§ **Required work**: In the lines below, find the one that contains "Тормозные колодки Toyota. Артикул 044650E010" and write it out exactly, along with every line that follows it.

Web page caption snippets
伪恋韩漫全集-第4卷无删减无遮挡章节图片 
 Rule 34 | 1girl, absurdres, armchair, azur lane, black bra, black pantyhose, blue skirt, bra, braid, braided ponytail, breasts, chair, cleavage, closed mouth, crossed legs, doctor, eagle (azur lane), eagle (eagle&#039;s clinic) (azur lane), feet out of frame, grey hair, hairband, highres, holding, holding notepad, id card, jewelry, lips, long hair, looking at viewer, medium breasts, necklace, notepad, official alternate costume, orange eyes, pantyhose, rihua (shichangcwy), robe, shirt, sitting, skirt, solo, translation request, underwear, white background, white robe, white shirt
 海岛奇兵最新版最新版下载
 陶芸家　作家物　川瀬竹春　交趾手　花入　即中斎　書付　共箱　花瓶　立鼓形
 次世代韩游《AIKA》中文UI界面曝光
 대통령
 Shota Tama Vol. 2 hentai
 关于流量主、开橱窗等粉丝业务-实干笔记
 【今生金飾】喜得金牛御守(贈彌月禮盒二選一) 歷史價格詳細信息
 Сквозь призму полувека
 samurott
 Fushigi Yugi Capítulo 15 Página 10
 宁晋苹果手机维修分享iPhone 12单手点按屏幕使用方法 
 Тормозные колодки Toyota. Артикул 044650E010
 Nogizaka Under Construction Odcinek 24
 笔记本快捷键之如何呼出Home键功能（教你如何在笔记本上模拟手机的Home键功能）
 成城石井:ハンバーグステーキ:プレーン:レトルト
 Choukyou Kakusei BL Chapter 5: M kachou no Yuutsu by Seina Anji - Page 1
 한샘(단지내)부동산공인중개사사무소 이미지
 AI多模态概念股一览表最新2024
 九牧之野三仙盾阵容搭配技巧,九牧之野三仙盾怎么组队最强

§ **Exercise solution**:
 Тормозные колодки Toyota. Артикул 044650E010
 Nogizaka Under Construction Odcinek 24
 笔记本快捷键之如何呼出Home键功能（教你如何在笔记本上模拟手机的Home键功能）
 成城石井:ハンバーグステーキ:プレーン:レトルト
 Choukyou Kakusei BL Chapter 5: M kachou no Yuutsu by Seina Anji - Page 1
 한샘(단지내)부동산공인중개사사무소 이미지
 AI多模态概念股一览表最新2024
 九牧之野三仙盾阵容搭配技巧,九牧之野三仙盾怎么组队最强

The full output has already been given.